All these weddings have forced me to take a crash course in being an adult. In the past few months I've purchased my first suit, rented my first car, dry-cleaned my first suit, and had to call my first locksmith. And I've been forced to confront my own uncertain future and continually arrested development. Next month is going to be the first time I move out of my childhood bedroom since I returned from college — I'm 26 years old. I graduated high school ready to conquer the world. I graduated college having no idea how I was going to conquer anything. So I made excuses: the recession, the economy, loans, no car, no internships, my job was below me, "I don't know what I want to do."

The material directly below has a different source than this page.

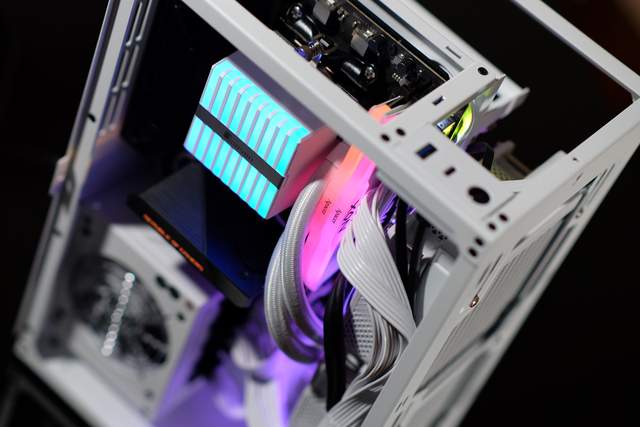 老酒换新瓶，有得有失的装机体验，乔思伯VR3如何兼容C8i DTX版型？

But now, after dragging my feet like a kid whose parents are carrying him to the bathtub, I committed to something more than a team that lets me down: spending every day with someone who doesn't. I'm moving in with my girlfriend and taking a very large step — it's nowhere near marriage — but it's something.
We've been programmed to be cautiously optimistic about autumn since the first time we shoulder a backpack. We worry about whether we'll have class with our friends. We worry about how we'll do in those classes. These days, in the fall I hope the Bills finally turn it around. I hope to not fear what's coming. And I hope I finally grow up.
Recently, while I was writing this, another one of my closest friends from college got engaged. And wouldn't you know, the wedding is tentatively planned for September 2015. Another Bills vs. Pats game, maybe. By then I hope my friends ask me about expectations, because I'm finally tired of running away from them.